Model for forecast a tack event in sailing from sensor data. Interview task for T-DAB.
- Python 3.8
The Python packages needed are listed in requirements.txt
virtualenv venv
source venv/bin/activate
pip install -U pip
deactivate
source venv/bin/activate
pip install -r requirements.txt
mkdir data/
mkdir data/train/
mkdir data/test/
mv PATH/TO/test_data.csv data/
cd src
python split_train_test.py
The tack forecasting model consists of a VAR model for forecasting the future state of the sailing boat and a random forest for classifying whether a tack is occurring in this state.
The assumptions made in designing this model were:
- Tacking is a function of the current state only.
- When not tacking, the state can be described by an auto-regressive process and therefore is wide-sense stationary.
- When tacking, the state can be made wide-sense stationary.
These assumptions were verified empirically before selecting and constructing a model.

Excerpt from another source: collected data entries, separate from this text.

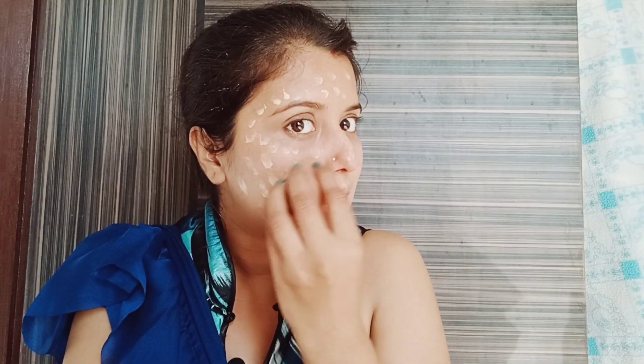I have used the foundation. With beauty blender's help you can blend it. Blending is very important because I have to use the base to make my makeup good. I have to blend it well and you can see my face has a good finish.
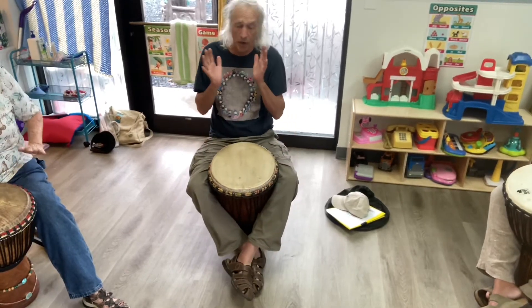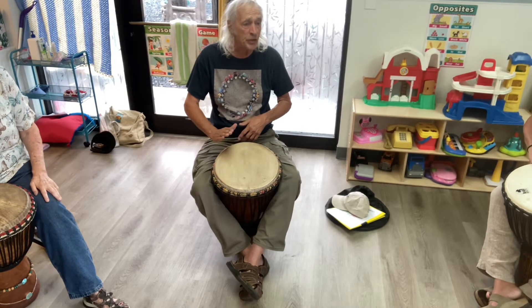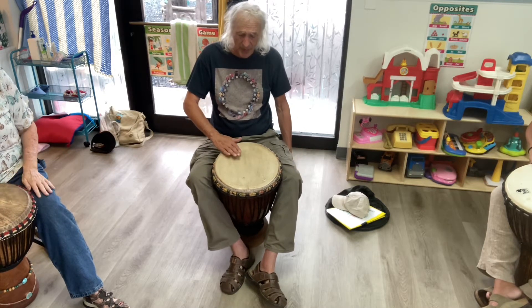We're going to do that same workout on our tone. Getting in the tone position, we're going to say the rhythm: Laughter is still the best medicine. One, two, one, two, ready, go.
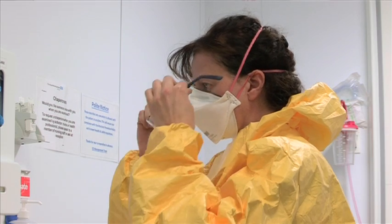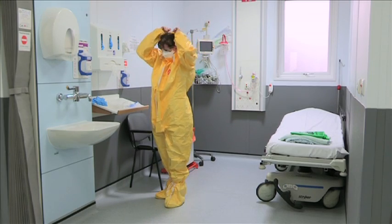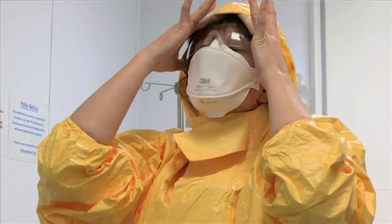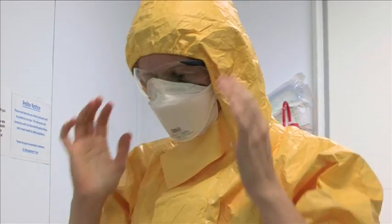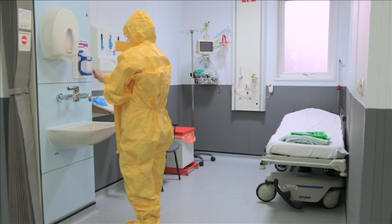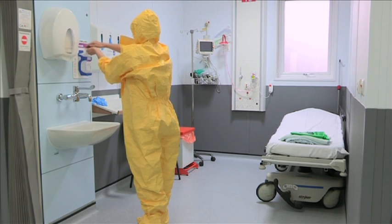Put on the goggles or face shield. Pull up the hood and ensure hair and as much of the face is covered. Decontaminate hands.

The model is composed of forecasting and classification components. The complete model can be evaluated using the eval_model.py script in the src directory. This script takes an optional argument with the path to a CSV file containing a single (labelled) sailing sequence to be used for evaluating the model accuracy. If no path is passed, a random sequence from the test dataset is chosen for evaluation. Usage:
python eval_model.py --datapath PATH/TO/DATA.csv
The classification model can similarly be evaluated (only on the test set, not custom data) by running:
python eval_classifier.py
The run_model.py script shows how to use the API to forecast from a new datapoint (note that a history of datapoints of a user-specified length is required for forecasting). The eval_model.py shows how this can be extended to an input stream of datapoints, as is the case in real-world application.